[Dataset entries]
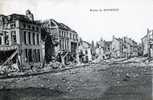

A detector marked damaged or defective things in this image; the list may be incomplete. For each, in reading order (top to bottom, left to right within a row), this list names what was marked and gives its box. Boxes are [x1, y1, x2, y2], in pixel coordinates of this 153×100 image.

damaged facade [0, 9, 43, 70]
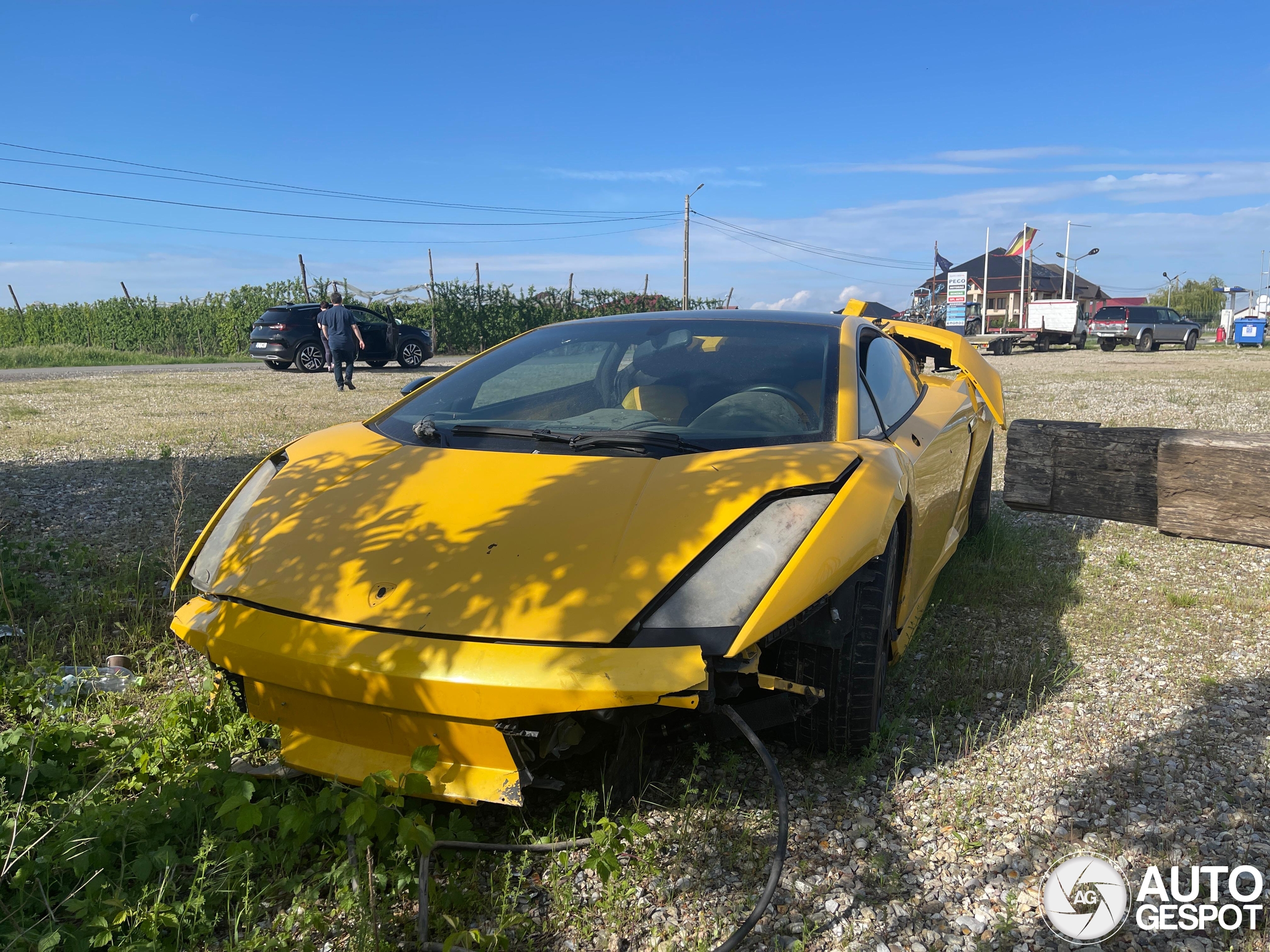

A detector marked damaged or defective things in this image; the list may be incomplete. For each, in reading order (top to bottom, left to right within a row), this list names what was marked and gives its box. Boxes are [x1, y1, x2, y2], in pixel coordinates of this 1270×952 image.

damaged front bumper [169, 595, 710, 801]
crashed yellow lamborghini [171, 311, 1000, 801]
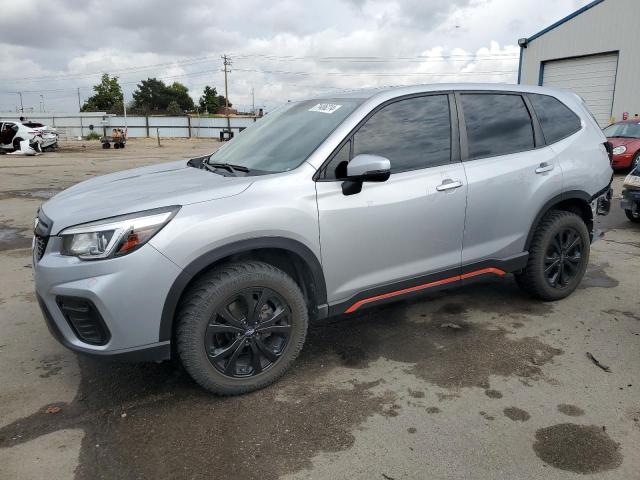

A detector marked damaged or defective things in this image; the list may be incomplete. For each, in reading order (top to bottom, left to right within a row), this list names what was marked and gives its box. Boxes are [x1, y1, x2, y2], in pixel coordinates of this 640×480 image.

damaged white car [0, 120, 58, 152]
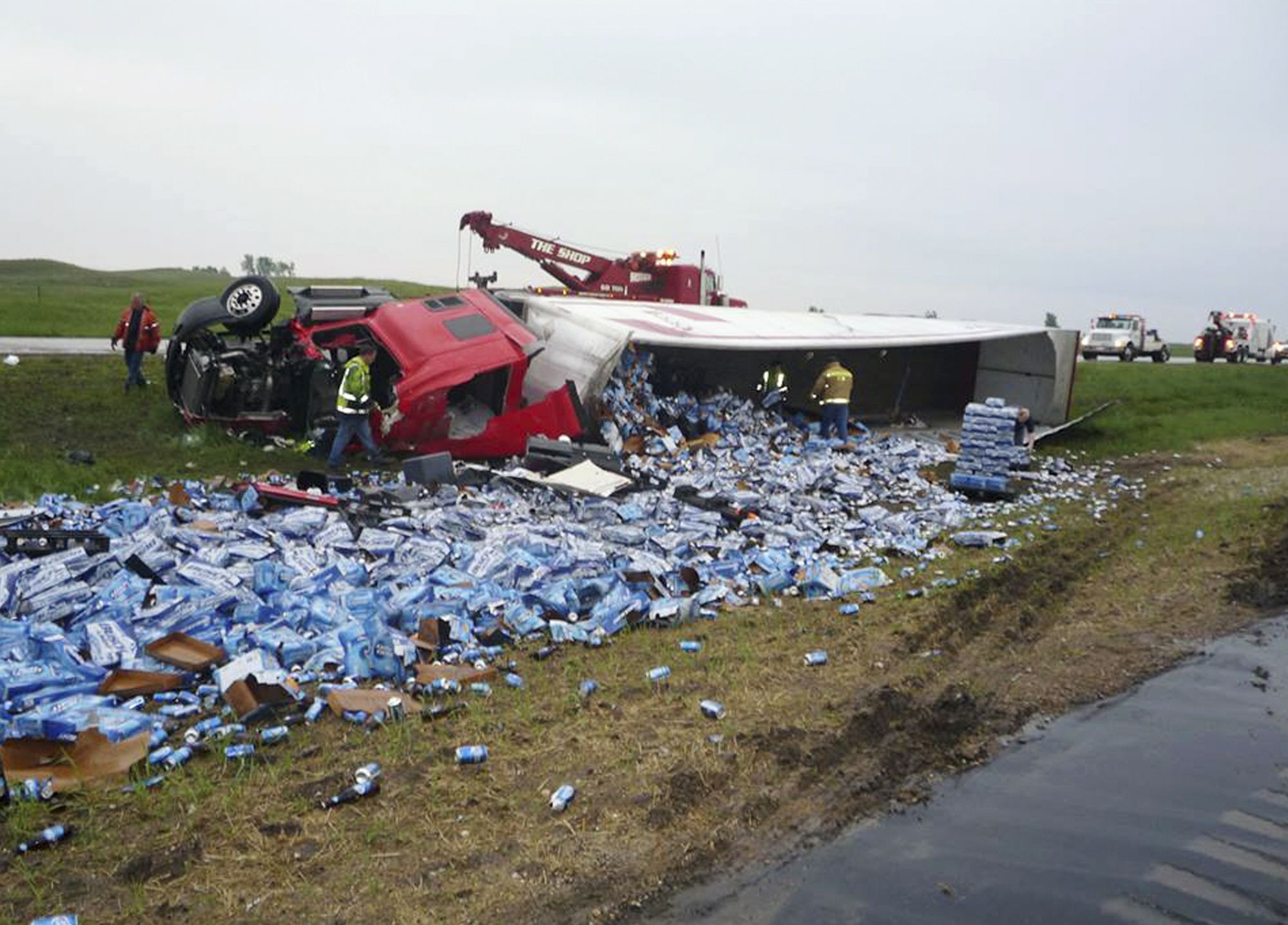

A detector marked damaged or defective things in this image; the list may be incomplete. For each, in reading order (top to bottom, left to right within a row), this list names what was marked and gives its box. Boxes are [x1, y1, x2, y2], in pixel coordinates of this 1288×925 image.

overturned red semi truck [164, 277, 587, 461]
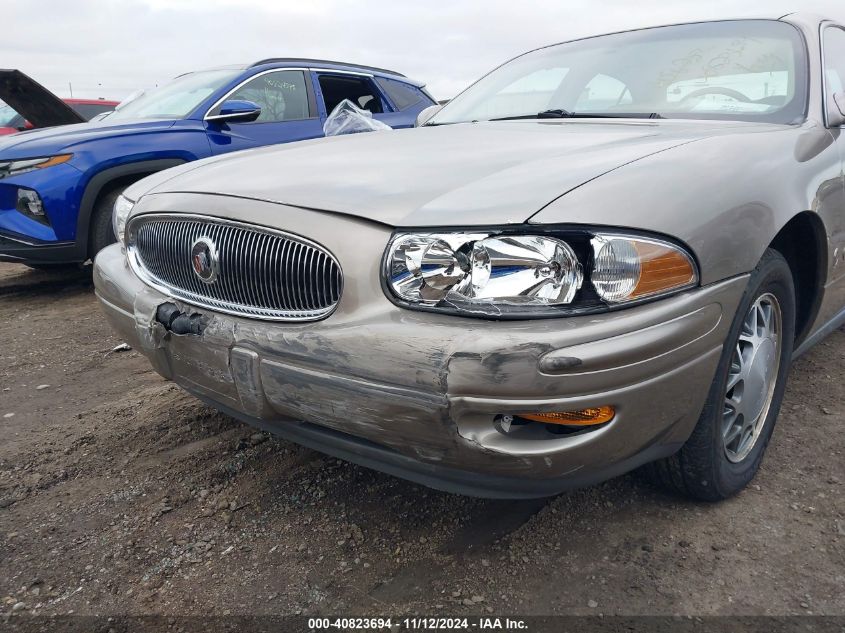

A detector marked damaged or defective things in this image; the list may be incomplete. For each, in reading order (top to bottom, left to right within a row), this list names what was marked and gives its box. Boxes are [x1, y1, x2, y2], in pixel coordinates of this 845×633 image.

damaged front bumper [95, 220, 748, 496]
dented bumper [95, 235, 748, 496]
cracked headlight lens [386, 232, 584, 316]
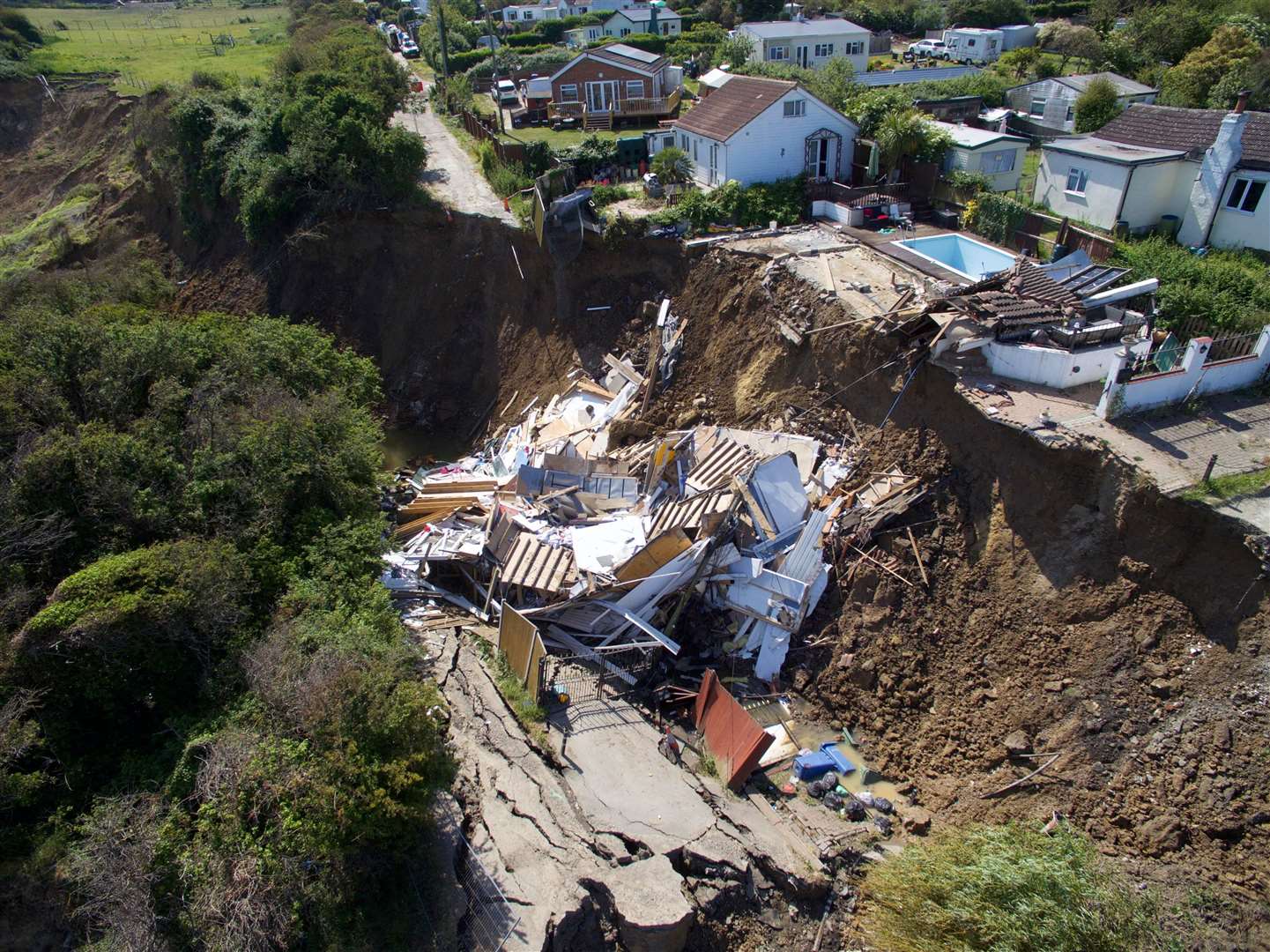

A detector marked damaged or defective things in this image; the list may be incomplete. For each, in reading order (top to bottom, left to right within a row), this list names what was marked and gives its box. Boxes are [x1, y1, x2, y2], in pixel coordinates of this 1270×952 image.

cracked pavement [427, 624, 821, 952]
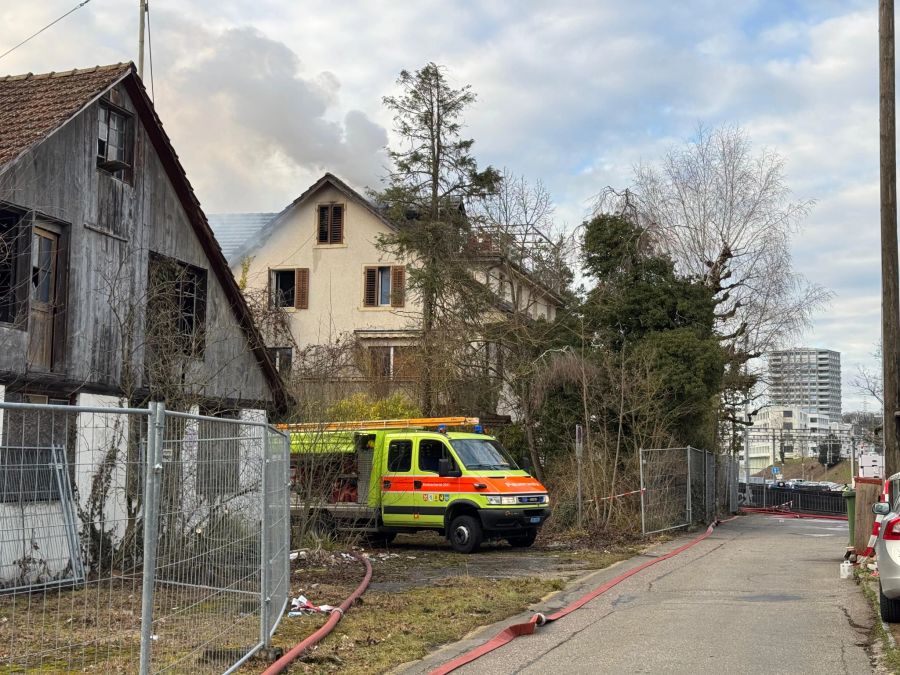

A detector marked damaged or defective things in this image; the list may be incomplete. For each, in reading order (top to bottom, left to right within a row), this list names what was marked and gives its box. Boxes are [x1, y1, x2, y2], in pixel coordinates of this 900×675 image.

broken window [98, 101, 135, 182]
broken window [316, 203, 344, 246]
broken window [148, 255, 207, 360]
broken window [268, 270, 308, 310]
broken window [366, 266, 408, 308]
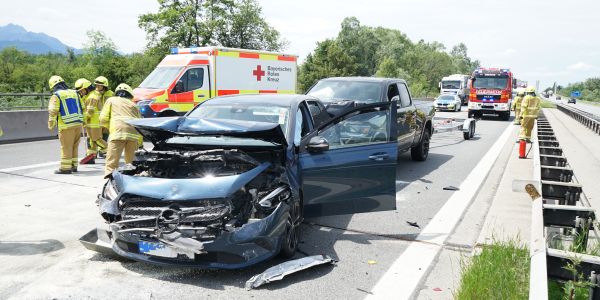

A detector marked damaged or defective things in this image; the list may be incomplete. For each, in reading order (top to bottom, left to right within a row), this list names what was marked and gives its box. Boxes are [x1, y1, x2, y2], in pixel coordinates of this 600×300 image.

crumpled hood [127, 116, 288, 146]
crumpled hood [113, 161, 272, 200]
heavily damaged car [86, 95, 398, 268]
shattered bumper [81, 202, 290, 270]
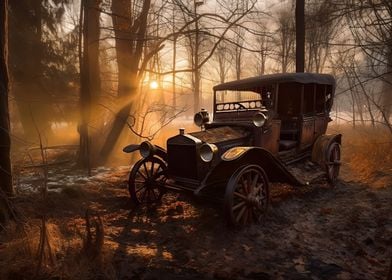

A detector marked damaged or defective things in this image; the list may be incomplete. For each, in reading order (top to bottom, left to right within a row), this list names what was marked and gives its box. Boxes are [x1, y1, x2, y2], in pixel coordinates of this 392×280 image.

rusty car body [124, 72, 342, 228]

(Exercise brief):
The records above must be echoed exactly, minus their pictures.

(Exercise answer):
A detector marked damaged or defective things in this image; the list may be incomplete. For each, in reading order (top to bottom, left to right within a row), this list names what was marked and gives its box. Boxes are [x1, y1, x2, y2], in pixel coordinates of this 153×100 image.

damaged facade [0, 9, 43, 70]

A detector marked damaged or defective things in this image; the list may be incomplete. For each, in reading order (top to bottom, left to right within a row), this list names what was marked and gives its box. Boxes are [x1, y1, x2, y2], in pixel coordinates of this 1270×952 image.

damaged front bumper [169, 595, 710, 801]
crashed yellow lamborghini [171, 311, 1000, 801]

A detector marked damaged or defective things in this image; the list may be incomplete. For each, in reading order (top to bottom, left to right within a row), this list names what was marked and gives its box. Boxes are [x1, y1, x2, y2], in pixel coordinates of this 640×480 image.

damaged white car [0, 120, 58, 152]

A detector marked damaged or defective things in this image; the list may be incomplete. For each, in reading order (top to bottom, left to right within a row), this list names what was marked and gives its box. Boxes are [x1, y1, x2, y2], in pixel coordinates of this 1288×925 image.

overturned red semi truck [164, 277, 587, 461]

A detector marked damaged or defective things in this image; the list may be incomplete. For each, in reading order (top to bottom, left to right within a row), this list names what was marked and gives its box. Boxes are [x1, y1, x2, y2], in pixel coordinates of this 845×633 image.

damaged front bumper [95, 220, 748, 496]
dented bumper [95, 235, 748, 496]
cracked headlight lens [386, 232, 584, 316]

A detector marked damaged or defective things in this image; the list may be incomplete. For each, in reading order (top to bottom, left to right within a row), this list names what was marked and gives its box. Boxes are [x1, y1, x2, y2], in pixel coordinates of this 1270×952 image.

cracked pavement [427, 624, 821, 952]

A detector marked damaged or defective things in this image; the list may be incomplete. For each, in reading order (top to bottom, left to right within a row), this list names what was marked and gives its box. Boxes are [x1, y1, x2, y2], in pixel coordinates of this 900×675 image.

broken window [98, 101, 135, 182]
broken window [316, 203, 344, 246]
broken window [148, 255, 207, 360]
broken window [268, 270, 308, 310]
broken window [366, 266, 408, 308]

A detector marked damaged or defective things in this image; the list may be incomplete. For each, in reading order (top to bottom, left to right within a row), this list names what was marked and gives its box. Boxes are [x1, y1, x2, y2], in pixel coordinates of this 600×300 image.

crumpled hood [127, 116, 288, 146]
crumpled hood [113, 161, 272, 200]
heavily damaged car [86, 95, 398, 268]
shattered bumper [81, 202, 290, 270]

A detector marked damaged or defective things in this image; the list may be incomplete. For each, in reading order (top to bottom, left to right within a row), this list names what was marked and gives its box. Boxes are [x1, y1, x2, y2], in pixel coordinates of this 392×280 image.

rusty car body [124, 72, 342, 228]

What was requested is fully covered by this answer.